RECORDS SUPPLIED:
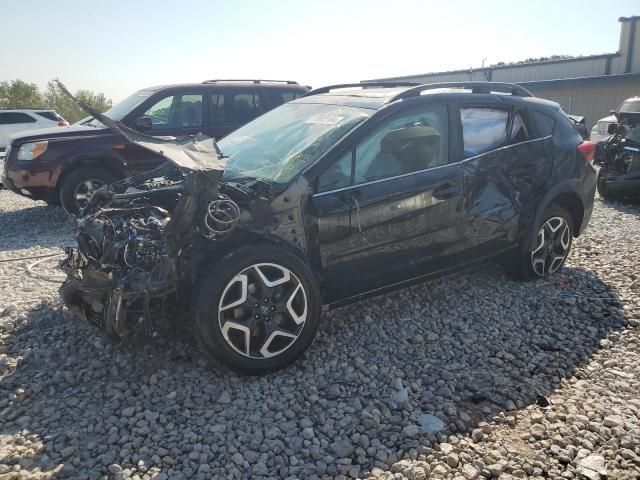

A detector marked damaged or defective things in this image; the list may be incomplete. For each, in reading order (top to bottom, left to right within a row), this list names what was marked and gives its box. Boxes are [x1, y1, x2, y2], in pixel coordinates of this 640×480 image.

damaged black suv [60, 82, 600, 376]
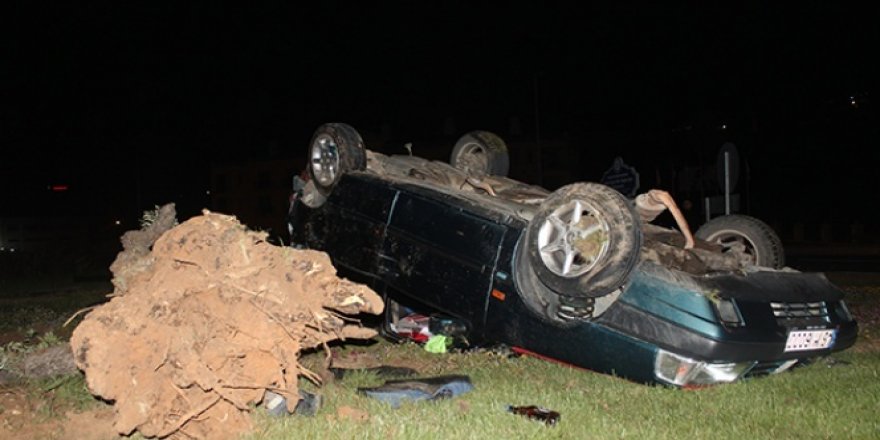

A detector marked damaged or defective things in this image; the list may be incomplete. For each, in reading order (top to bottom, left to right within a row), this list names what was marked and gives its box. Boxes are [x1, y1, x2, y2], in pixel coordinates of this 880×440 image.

overturned suv [288, 122, 852, 386]
damaged vehicle roof [292, 122, 856, 386]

INSTRUCTIONS TO FOLLOW:
Please return exactly the lines from the one containing "this 880×440 image." through the end of the entries above, adding no other line.

TASK ANSWER:
A detector marked damaged or defective things in this image; the list may be incomplete. For each, in reading order (top to bottom, left to right within a row), this list names what was marked and gives its box. Boxes are [x1, y1, x2, y2], in pixel coordinates of this 880×440 image.

overturned suv [288, 122, 852, 386]
damaged vehicle roof [292, 122, 856, 386]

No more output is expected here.